Other proof-search strategies for \(\mathrm {GL} \) are discussed in [10, 14]. This technique can be extended to other notable intermediate logics. Among these, we recall the logics \(\mathrm {GL}_{n}\) (Gödel Logic of depth n), obtained by adding to \(\mathrm {GL} \) the axioms \(\mathbf {bd}_{n}\) (bounded depth) where: \(\mathbf {bd}_{0}=a_0\vee \lnot a_0\), \(\mathbf {bd}_{n+1}=a_{n+1}\vee (a_{n+1}\rightarrow \mathbf {bd}_{n})\). Semantically, \(\mathrm {GL}_{n}\) is the logic characterized by linear frames having depth at most n. We are not able to prove termination for the logics \(\mathrm {IPL} +\mathbf {bd}_{n}\), but we can implement the following terminating strategy for \(\mathrm {GL}_{n}\). Let \(\mathcal {K}(W)\) be the model obtained at Step (S4) of the computation of intuitRIL( \(\alpha \),\(\mathrm {GL}_{n}\) ):

  • If \(\mathcal {K}(W)\) is not linear, we select the axiom \(\psi \) from \(\mathrm {Ax}_{\mathrm {GL}}(\alpha )\).

  • Otherwise, assume that \(\mathcal {K}(W)\) is linear but not a \(\mathrm {GL}_{n}\)-model. Then, \(\mathcal {K}(W)\) contains a chain of worlds \(w_0\subset w_1\subset \dots \subset w_{n+1}\). The crucial point is that \(w_{j+1}\setminus w_{j}\) contains at least a propositional variable from \(\mathcal {V}_{\alpha }\), for every \(0\le j \le n\). Thus, we can choose a proper renaming of \(\mathbf {bd}_{n}\) as \(\psi \).

Another terminating logic is the Jankov Logic (see Ex. 3); actually, also in this case the learned axiom can be chosen by renaming the \(\mathbf {wem} \) axiom. In general, all the logics \(\mathrm {BTW}_{n}\) (Bounded Top Width, at most n maximal worlds, see [2]) are terminating. An intriguing case is Scott Logic \(\mathrm {ST} \) [2]: even though the class of \(\mathrm {ST} \)-frames is not first-order definable, we can implement a learning procedure for \(\mathrm {ST} \)-axioms arguing as in [7] (see Sec. 2.5.2). Some of the mentioned logics have been implemented in intuitRILFootnote 1.
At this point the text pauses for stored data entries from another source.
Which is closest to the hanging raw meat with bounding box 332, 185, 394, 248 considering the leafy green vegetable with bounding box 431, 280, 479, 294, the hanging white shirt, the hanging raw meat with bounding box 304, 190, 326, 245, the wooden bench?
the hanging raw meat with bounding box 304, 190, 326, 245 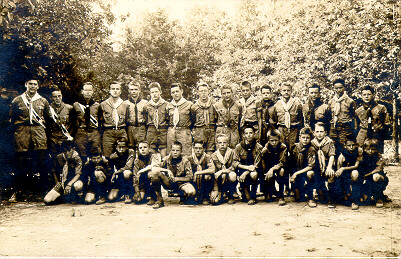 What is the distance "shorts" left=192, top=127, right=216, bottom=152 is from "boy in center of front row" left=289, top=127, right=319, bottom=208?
1094 mm

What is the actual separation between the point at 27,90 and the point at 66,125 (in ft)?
2.25

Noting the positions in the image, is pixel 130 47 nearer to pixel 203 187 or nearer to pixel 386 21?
pixel 203 187

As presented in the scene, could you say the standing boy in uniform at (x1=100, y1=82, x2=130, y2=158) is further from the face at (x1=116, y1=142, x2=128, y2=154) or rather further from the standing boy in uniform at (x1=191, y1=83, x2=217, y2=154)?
the standing boy in uniform at (x1=191, y1=83, x2=217, y2=154)

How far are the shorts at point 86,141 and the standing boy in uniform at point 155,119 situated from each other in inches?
27.2

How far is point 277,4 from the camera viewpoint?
5578mm

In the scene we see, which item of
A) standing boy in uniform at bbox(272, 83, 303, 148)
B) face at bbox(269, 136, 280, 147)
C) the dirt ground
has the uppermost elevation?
standing boy in uniform at bbox(272, 83, 303, 148)

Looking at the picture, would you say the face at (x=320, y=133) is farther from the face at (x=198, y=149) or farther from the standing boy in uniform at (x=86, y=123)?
the standing boy in uniform at (x=86, y=123)

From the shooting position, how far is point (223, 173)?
179 inches

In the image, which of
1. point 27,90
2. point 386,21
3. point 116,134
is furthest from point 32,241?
point 386,21

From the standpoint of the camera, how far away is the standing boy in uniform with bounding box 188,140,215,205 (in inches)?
177

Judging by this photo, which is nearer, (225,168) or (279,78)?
(225,168)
One may wonder whether this method can be applied to other non-classical logics or to fragments of predicate logics (these issues have been already raised in the seminal paper [4]). A significant work in this direction is [11], where the procedure has been applied to some modal logics. However, the main difference with the original approach is that it is not possible to use a single SAT-solver, but one needs a supply of SAT-solvers. This is primarily due to the fact that forcing relation of modal Kripke models is not persistent; thus worlds are loosely related and must be handled by independent solvers.